On November 20, 1984, ICC submitted its certified claim to the BOR, alleging that the default termination was improper, the contract specifications were defective and impracticable, differing site conditions existed, the BOR had breached the contract, and ICC was entitled to recover for the breach. On March 18, 1985, Defendant Voth denied ICC's claim, except to the extent that he found that the contract documents gave misleading indications that adequate select material would be available at the project site, and awarded ICC $32,104.80 for its expenditures on purchasing and hauling the select materials. ICC appealed Defendant Voth's decision to the United States Claims Court.
By letter dated November 5, 1985, Fireman's Fund submitted a certified claim to Defendant Voth, seeking to recover costs in excess of $2 million, alleging that the BOR's default termination of ICC was improper and that pursuant to its rights under the takeover agreement, Fireman's Fund was entitled to its costs to complete the project. Defendant Voth denied this claim on January 31, 1986, and Fireman's Fund appealed to the United States Claims Court. This appeal was consolidated with ICC's Claims Court appeal.
In June of 1988, during the Claims Court discovery process, ICC learned that agents of the BOR had concealed the October 28, 1983 memorandum which gave ICC permission to change from the contract's construction method to a more practicable method. Later in the discovery process, on November 12, 1989, ICC found out that the results of the October 13, 1983 test of their alternative method had been favorable.
At the conclusion of the Claims Court proceeding, the court found that the soil's impermeability at the site was the essential cause of ICC's inability to utilize the contract's construction method and that the contract's construction method was commercially impracticable and unreasonable.

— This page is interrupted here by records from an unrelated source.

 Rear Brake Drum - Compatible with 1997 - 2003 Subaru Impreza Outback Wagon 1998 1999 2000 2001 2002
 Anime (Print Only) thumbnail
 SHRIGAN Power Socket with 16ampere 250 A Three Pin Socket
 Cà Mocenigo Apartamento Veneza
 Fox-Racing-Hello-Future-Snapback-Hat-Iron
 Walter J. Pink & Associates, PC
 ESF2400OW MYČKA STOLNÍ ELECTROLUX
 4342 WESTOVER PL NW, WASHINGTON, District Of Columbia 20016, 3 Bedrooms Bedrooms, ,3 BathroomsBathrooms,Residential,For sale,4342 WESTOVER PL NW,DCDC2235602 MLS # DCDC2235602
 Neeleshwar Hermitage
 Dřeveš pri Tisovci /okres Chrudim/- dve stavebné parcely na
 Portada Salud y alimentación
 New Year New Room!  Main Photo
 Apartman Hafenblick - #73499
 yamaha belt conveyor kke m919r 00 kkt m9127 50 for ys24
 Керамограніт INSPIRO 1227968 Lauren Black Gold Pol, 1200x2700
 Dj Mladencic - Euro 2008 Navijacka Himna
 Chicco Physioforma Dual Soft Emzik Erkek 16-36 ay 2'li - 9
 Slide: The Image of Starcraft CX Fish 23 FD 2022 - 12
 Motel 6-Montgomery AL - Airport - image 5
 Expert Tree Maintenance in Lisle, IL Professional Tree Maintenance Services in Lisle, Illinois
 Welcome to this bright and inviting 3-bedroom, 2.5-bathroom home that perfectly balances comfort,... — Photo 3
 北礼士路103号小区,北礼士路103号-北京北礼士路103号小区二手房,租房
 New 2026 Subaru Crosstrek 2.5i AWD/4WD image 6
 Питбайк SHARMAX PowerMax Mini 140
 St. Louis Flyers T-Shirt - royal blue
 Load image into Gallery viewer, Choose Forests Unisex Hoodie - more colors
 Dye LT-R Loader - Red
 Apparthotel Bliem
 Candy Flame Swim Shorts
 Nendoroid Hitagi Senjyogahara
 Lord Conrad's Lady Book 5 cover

The court further found that the BOR's site specifications were defective and that ICC could have performed the contract successfully and on time if not for the differing site conditions and defective specifications. Moreover, the court found that the actions of the BOR in failing to disclose the information in the October 28, 1983 memorandum, in insisting upon the contract construction method, in failing to reveal the results of the October 13, 1983 tests, and in conditioning any relief from the specifications upon a release of claims, constituted a material breach of the government's implied covenant of good faith and fair dealing which forced ICC into bankruptcy. Thus, the court awarded ICC all damages allowed under common law for breach of contract and awarded Fireman's Fund all actual costs and expenses in excess of the payments it had already received.
On November 15, 1991, Plaintiffs filed this suit in federal district court, requesting relief under the Federal Tort Claims Act ("FTCA"), 28 U.S.C. Secs. 2671-2680, for prima facie tort, intentional infliction of emotional distress, and negligent design and engineering. Plaintiffs also asserted in their complaint that Defendants had violated their constitutional right of free speech by attempting to force them to abandon their valid administrative claim, that Defendants had violated their constitutionally protected right to engage in the occupation of their choice free from unreasonable government interference, and that Defendants had deprived them of their property interest in the equipment that was repossessed and of the value of an on-going, profit-making business. Plaintiffs failed to file an administrative claim Form 95, which is a prerequisite to bringing a FTCA cause of action, prior to filing suit in federal district court. However, they filed a Form 95 claim on March 23, 1992. On July 28, 1992, the district court granted Defendants' motion to dismiss, finding all of Plaintiffs' claims time-barred.
We review de novo the granting of a motion to dismiss for failure to state a claim for which relief can be granted. Settles, 927 F.2d at 507. We also review de novo a district court's ruling regarding the applicability of a statute of limitations. Wright v. Southwestern Bell Tel. Co., 925 F.2d 1288, 1290 (10th Cir.1991).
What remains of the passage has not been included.